Uma ele não reconheceu; tinha uma presença complexa, peculiar. Nunca tinha visto aquilo. Parecia cansado, ou machucado, mas a mente funcionava a todo o vapor. Funcionava com uma complexidade e habilidade que não podia ser de nenhum amador.

A outra pessoa ele reconheceu: Lena. Fez os pés flutuarem acima das folhas e deslizou, atravessando as árvores.

Avistou a muralha circular de pedra e a trespassou tão rápido que nem pensou que talvez fosse imprudente. Continuou flutuando, paralisado, sem conseguir digerir o que via.

O lugar fedia a sangue. Boa parte das pedras que formavam as paredes estava no chão, e as que permaneciam estavam trincadas. Havia uma pilha do que pareciam facas num canto, uma coluna de pedra partida no meio, e, entre esses dois, um homem de joelhos, lendo. Ou tentando: as páginas estavam meio derretidas, cobertas de algo espesso e rubro. O homem tentava separar aquilo das páginas, refazer as partes destruídas, mas era trabalho difícil. Art percebeu que não vira Lena, mas quando os olhos começaram a se mover o homem de joelhos se virou para ele. Art fitou-o, incrédulo.
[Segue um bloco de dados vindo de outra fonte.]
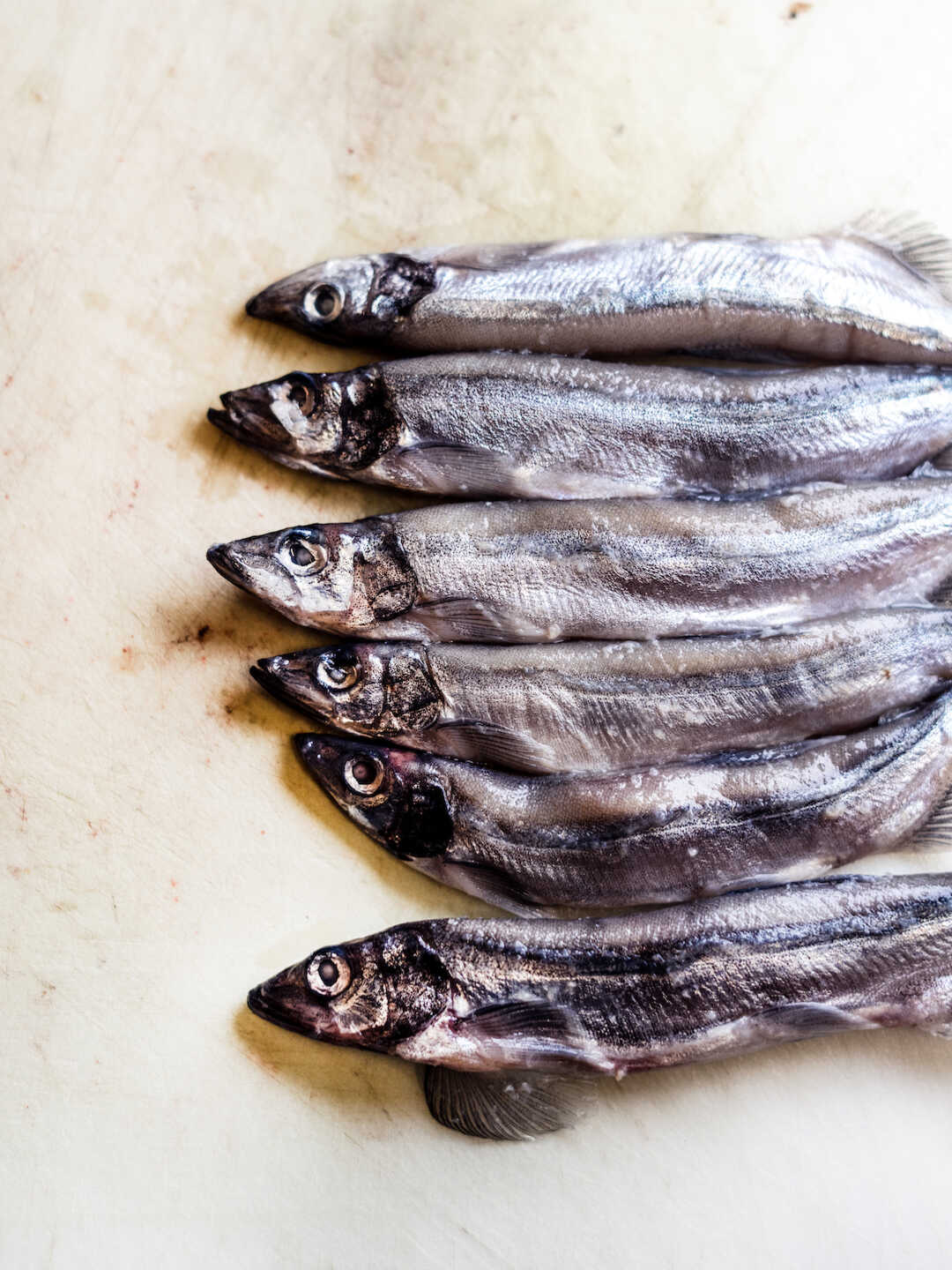 Capelin fish lay side by side on a cutting board.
Von? — disse ele, a voz projetada saindo rouca. Von estava com a roupa em frangalhos, e suava muito. Já vira dias melhores, mas os olhos não diziam isso. Estava eufórico, um misto de terror e conquista.

— Quem é você? — ele disse, uma voz grossa e poderosa, diferente do que Art esperava.

Art demorou um segundo para entender; o segundo que Rocan usou. Pedras voaram na direção dele como balas de canhão.

— NÃO! VOCÊ NÃO VAI ME ATRAPALHAR AGORA! — gritou Rocan, lançando uma saraivada de pedras num só movimento de braço. Elas choveram sobre a parede, levantando uma nuvem densa de poeira. Quando esta se dissipou, Art piscou, bestificado.

— O que você tá fazendo? — disse o jovem, deixando de ser incorpóreo. — Esse... É o Livro? Que porra tá acontecendo aqui?

Rocan ajeitou a postura, tirando a raiva dos olhos.

— Você é o Art. Eu sou o único que pode te ajudar agora. — Ele falava com calma, articulando bem as palavras. Art sentiu uma fisgada na mente. — A presença vai matar seu amigo Von. Ele é muito incontrolável para eles. Ele resistiu ao ataque que tentou matar a cidade, mas não resistirá a eles. — Art sentiu outra coceira incômoda, e levou uma mão à cabeça, olhos arregalados. Ergueu suas defesas ao máximo, defendendo-se de mais tentativas de roubar pequenas informações dele. Mas então outra voz veio, tão familiar que ele a deixou entrar.

Art... — A voz era baixa e doce, mas cheia de dor. Cheia de uma dor física, diferente da usual. Lena. — Não deixa ele pegar o Livro. Eu... Eu fiz besteira.

Rocan tentou chamar a atenção de Art, impedi-lo de olhar, mas foi incapaz. O jovem virou a cabeça para o lado, e viu Lena. Ou, mais precisamente, o que restava dela.

Helena era três cores. Negro do seu cabelo e sua blusa, branco de seu rosto e braços, e rubro de todo o resto. Art não tinha ideia de como ela sobrevivera ao que quer que a tinha deixado daquela forma.

— Lena...? — ele balbuciou. Sentiu os olhos se encherem de lágrimas, e não estava em condições de segurá-las. Quis correr até ela, arrumar tudo, mas a voz da garota veio rápida como a luz.